Noooiiinnnn bitte keine VPP755


----------



## Narbennarr (15. Juni 2018)

*AW: Alphacool Eisbär Extreme: Premium-AiO-Wasserkühlung kommt diesen Sommer*

Naja das ist doch eigentlich DIE Gelegenheit für ALC zu zeigen, dass die Probleme der 755 wirklich vom User kommen. In diesem nahezu geschlossenen System kann man ja ausschließen, dass die User die irgendwie falsch behandeln (außer sie kippen Pastel rein)


----------



## Edelhamster (15. Juni 2018)

*AW: Alphacool Eisbär Extreme: Premium-AiO-Wasserkühlung kommt diesen Sommer*

Was haftet der 755 denn für ein negatives Image an?
Kann bisher nur auf Erfahrungswerte mit der Eiswolf GPX Serie zurückgreifen und mit der bin ich zufrieden. 
Ist für mich auf jeden Fall eine Überlegung wert meine kleine, olle Corsair H55i mal in Rente zu schicken und den Zusammenschluss von GPU & CPU per Schnellkupplung abzuchecken


----------



## DerFakeAccount (15. Juni 2018)

*AW: Alphacool Eisbär Extreme: Premium-AiO-Wasserkühlung kommt diesen Sommer*

Ich bin schon länger am überlegen auf Wasserkühlung umzusteigen, und eine D5 Pumpe müsste ja ausreichend für einen 240er und einen 420er Radiator für CPU und GPU sein, oder?

Und was haftet der VPP755 negatives an?


----------



## v3nom (15. Juni 2018)

*AW: Alphacool Eisbär Extreme: Premium-AiO-Wasserkühlung kommt diesen Sommer*

Schau im Luxx den VPP755 Thread an 
Mir ist meine 755 schon 2x gestorben. Nach paar Monaten hat diese einfach Anlaufschwierigkeiten und will erst nach mehreren Versuchen starten. Die 3. läuft dafür jetzt schon länger


----------



## Snowhack (15. Juni 2018)

*AW: Alphacool Eisbär Extreme: Premium-AiO-Wasserkühlung kommt diesen Sommer*

Eine gute Alternative wenn man nicht unbedingt alles selber machen möchte. 

Ich hab fast 4 Stunden an meiner gebastelt damals,  mit abmessen Löcher bohren usw.

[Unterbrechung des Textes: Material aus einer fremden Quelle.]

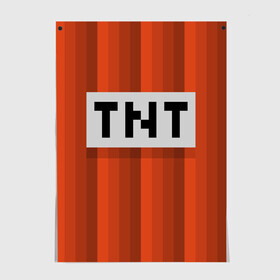 Постер с принтом TNT в Рязани, 100% бумага
 | бумага, плотность 150 мг. Матовая, но за счет высокого коэффициента гладкости имеет небольшой блеск и дает на свету блики, но в отличии от глянцевой бумаги не покрыта лаком | игры | красный | лето | майнкрафт | тнт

			Dieser Inhalt steht nur eingeloggten Mitgliedern zur Verfügung.
        






			Dieser Inhalt steht nur eingeloggten Mitgliedern zur Verfügung.
        



Bin aber gerade am überlegen dickere Radiatoren zu verbauen und eventuell 1 Nummer größer 

2x 420 mm  befürchte aber wird sich nicht mehr viel an der Temperatur ändern. 

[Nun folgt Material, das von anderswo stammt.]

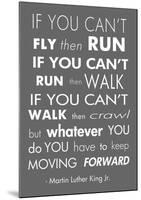 You Have to Keep Moving Forward -Martin Luther King Jr.-Veruca Salt-Mounted Art Print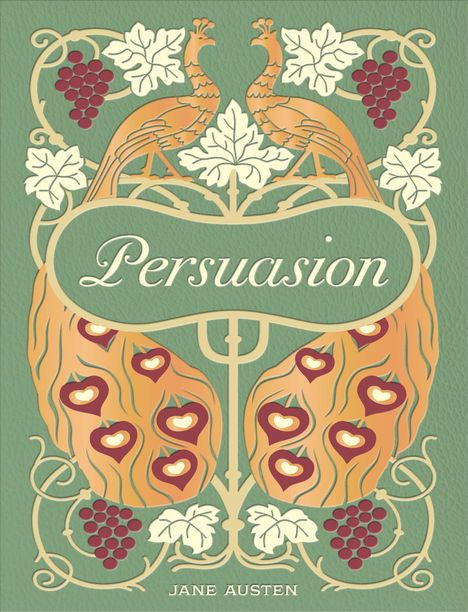 "Persuasion, Jane Austen." Zwei stilisierte Pfauen mit Weintrauben und Blättern auf grünem Hintergrund. Art Nouveau-Stil.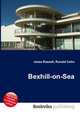 Bexhill-on-Sea, Jesse Russell,Ronald Cohn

Doch einen Chiller in den Kreislauf mit einbauen. 

Bin übrigens ein Alphcool Freund guter Support.


----------



## Fr3ak (15. Juni 2018)

*AW: Alphacool Eisbär Extreme: Premium-AiO-Wasserkühlung kommt diesen Sommer*



v3nom schrieb:


> Schau im Luxx den VPP755 Thread an
> Mir ist meine 755 schon 2x gestorben. Nach paar Monaten hat diese einfach Anlaufschwierigkeiten und will erst nach mehreren Versuchen starten. Die 3. läuft dafür jetzt schon länger



Mal so rein aus Interesse: Warum tust du dir den potentiellen Stress denn überhaupt noch an? Ich hätte schon längst ne andere Pumpe eingebaut, alleine schon, um mir den Aufwand mit Ablassen und Neubefüllung nicht nochmal geben zu müssen.


----------



## v3nom (15. Juni 2018)

*AW: Alphacool Eisbär Extreme: Premium-AiO-Wasserkühlung kommt diesen Sommer*

Das war bis Dato die einzige Lösung die Aquatuning mir angeboten hat -> RMA
Wenn die 3. die Grätsche macht bin ich aber weg davon und verlange mein Geld zurück oder ne andere richtige D5.


----------



## Haarstrich (15. Juni 2018)

*AW: Alphacool Eisbär Extreme: Premium-AiO-Wasserkühlung kommt diesen Sommer*



DerFakeAccount schrieb:


> Ich bin schon länger am überlegen auf Wasserkühlung umzusteigen, und eine D5 Pumpe müsste ja ausreichend für einen 240er und einen 420er Radiator für CPU und GPU sein, oder?
> 
> Und was haftet der VPP755 negatives an?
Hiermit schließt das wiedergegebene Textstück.